A 20 nm thick permalloy film is dc-sputtered at room temperature on Si/SiO2 (300 nm) substrates. After coating the substrate with a negative-tone e-beam resist, the resist are patterned into different structures with a length of 200 μm and the width ranging from 1 to 400 μm. In the case of small wires (width < 11 μm), multiple wires with a spacing of 1 μm and a total width of 400 μm are patterned. The patterns are transferred to the ferromagnetic film using Ar ion milling and then the resist is removed. Using ac-magnetron sputtering, a 50 nm thick SiO2 layer is deposited for the isolation of the ferromagnetic structure from the waveguides. Using the second e-beam lithography step with a positive-tone resist, the asymmetric coplanar waveguides are patterned followed by the deposition of Cr (5 nm)/Ag (150 nm)/Pt (5 nm) and lift-off.

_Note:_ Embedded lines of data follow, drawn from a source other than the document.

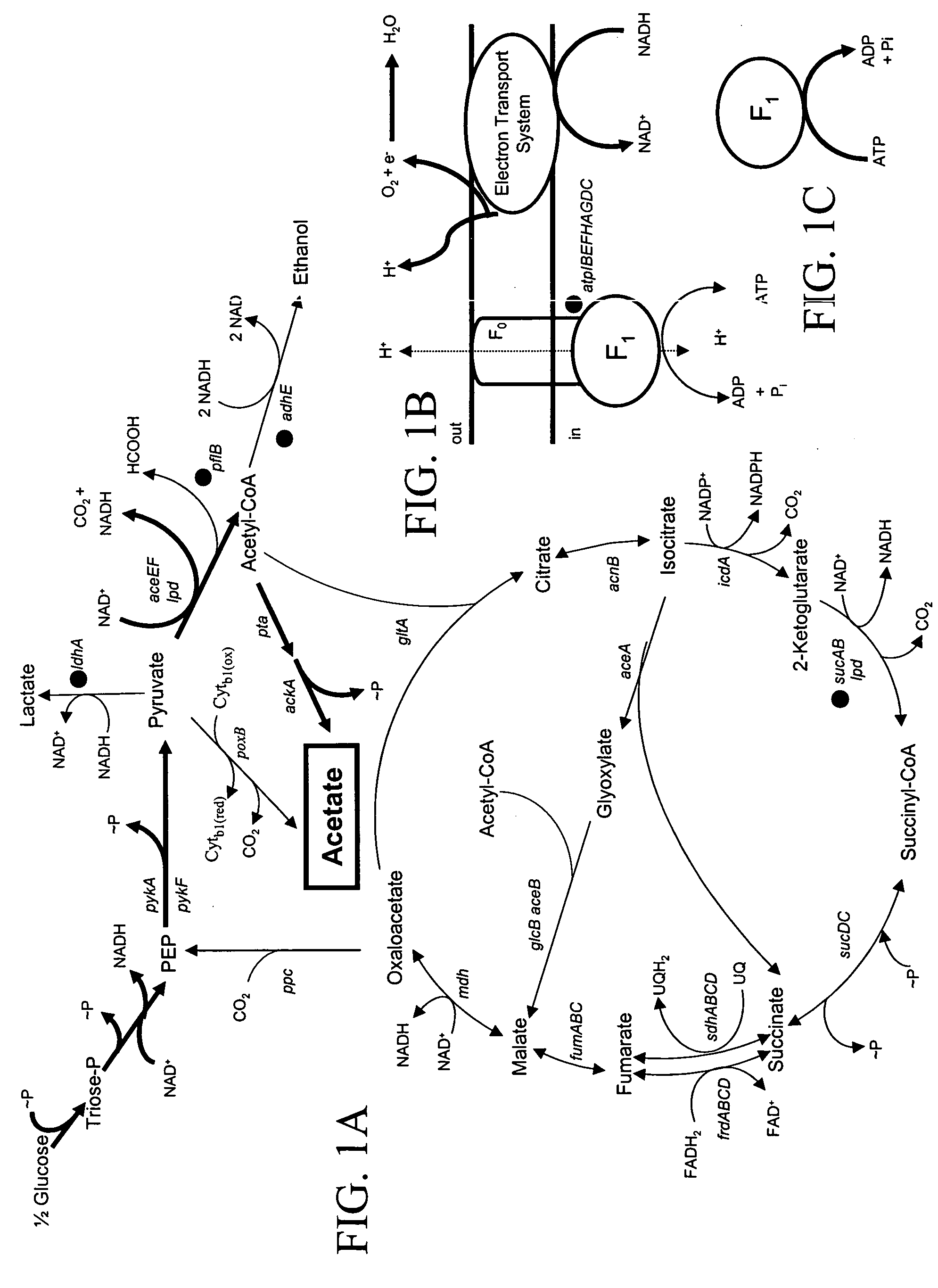Materials and methods for the efficient production of acetate and other products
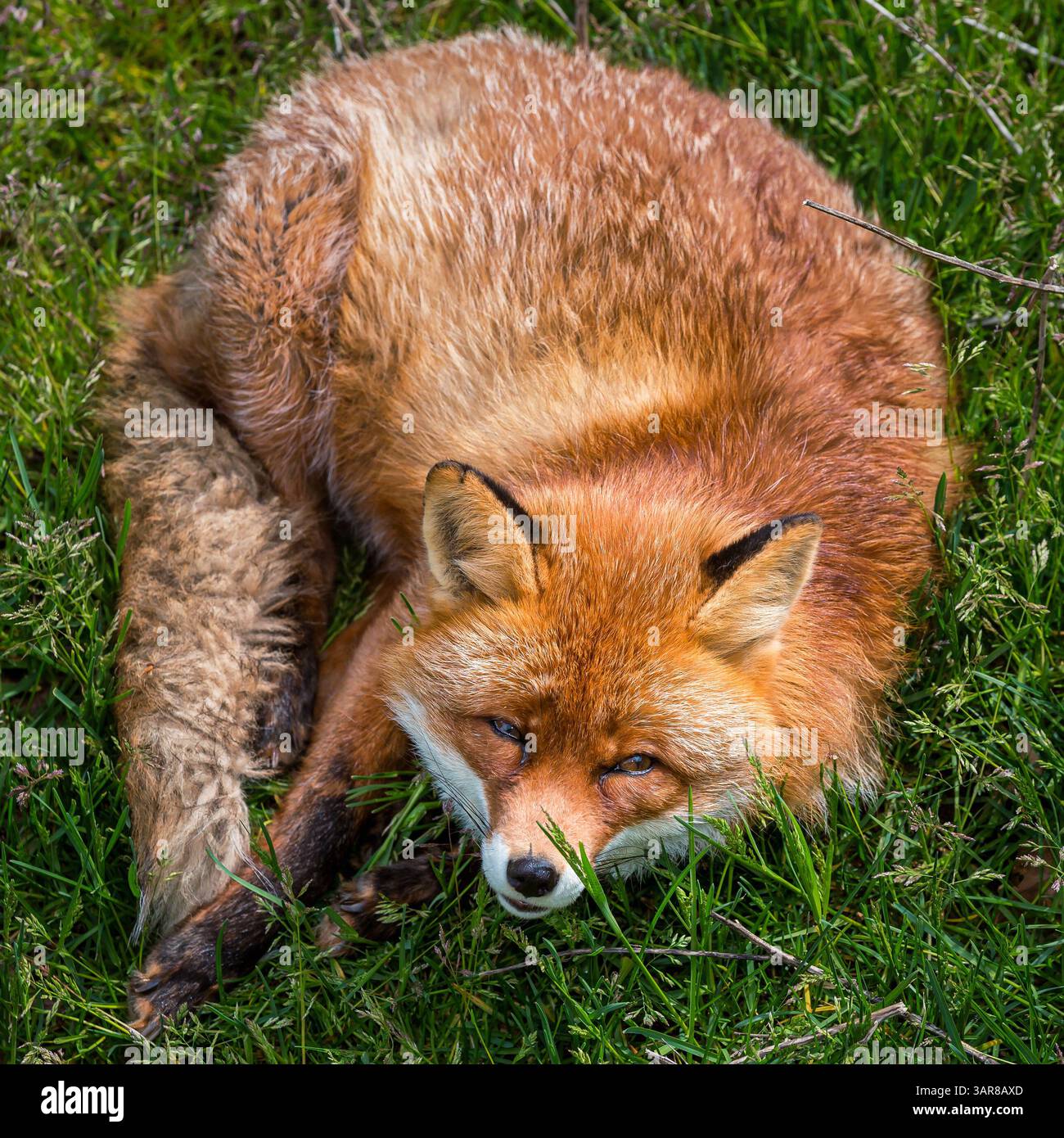 Red Fox (Vulpes vulpes), Sweden Stock Photo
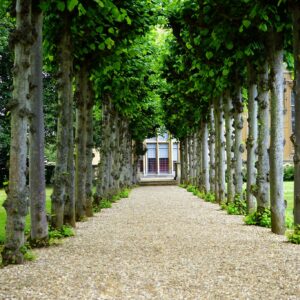Pathway Between Trees Towards House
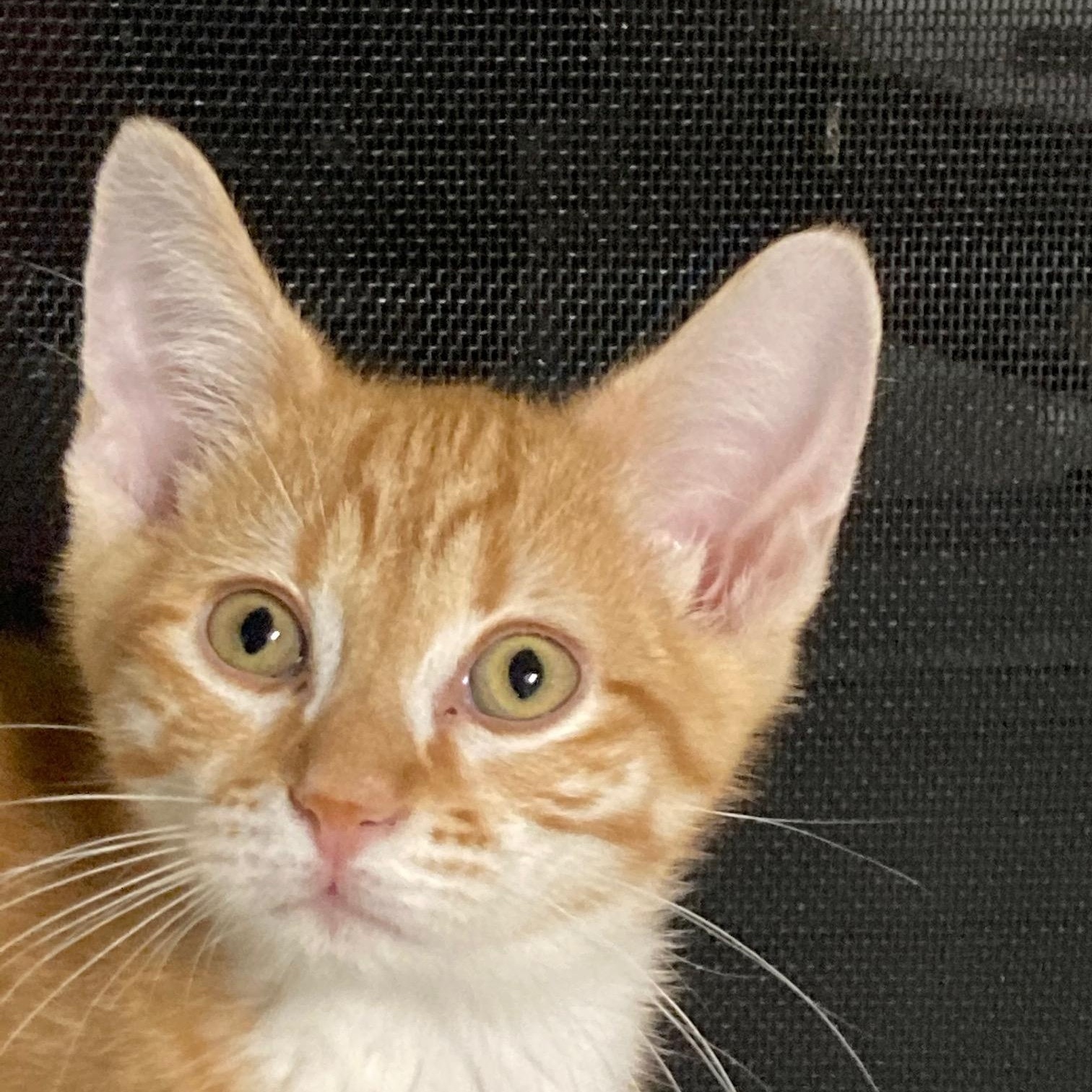 CURRY, ADOPTABLE, Kitten Male Domestic Short Hair.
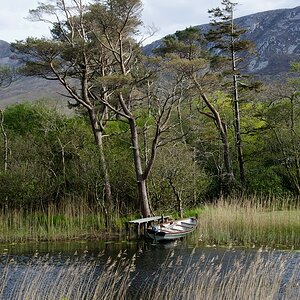 Irland DSC 0347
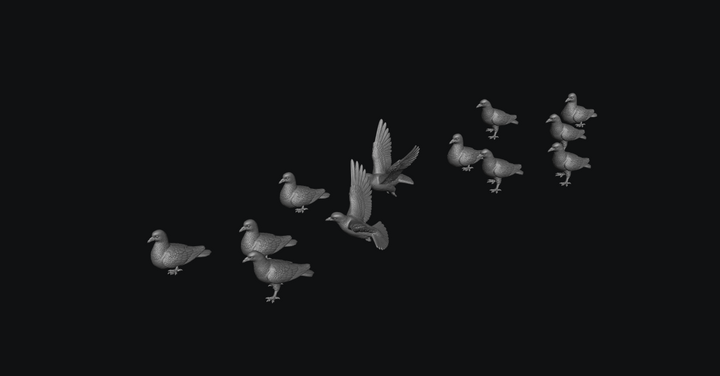SMFB014 Pigeon&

The samples are characterized in a homemade high frequency probe station with in-situ magnetic fields (up to 6 kOe) and using GSG probes from GGB Industries, Inc. For the frequency-domain characterization of spin waves, we utilize an Agilent N5245A microwave network analyzer with an excitation power of 5 dBm. Before frequency-domain characterization, the effects of cables and connectors are compensated using a CS-5 calibration substrate from GGB Industries, Inc. For time-domain characterization, we utilize an 86100A Infiniium wide-bandwidth sampling oscilloscope. The pulses are generated using a Centellax PPG12500 pulse/pattern generator with an amplitude of 1.6 V. Before capturing of spin waves, the signal is amplified by 29 dB using a SHF810 low noise preamplifier.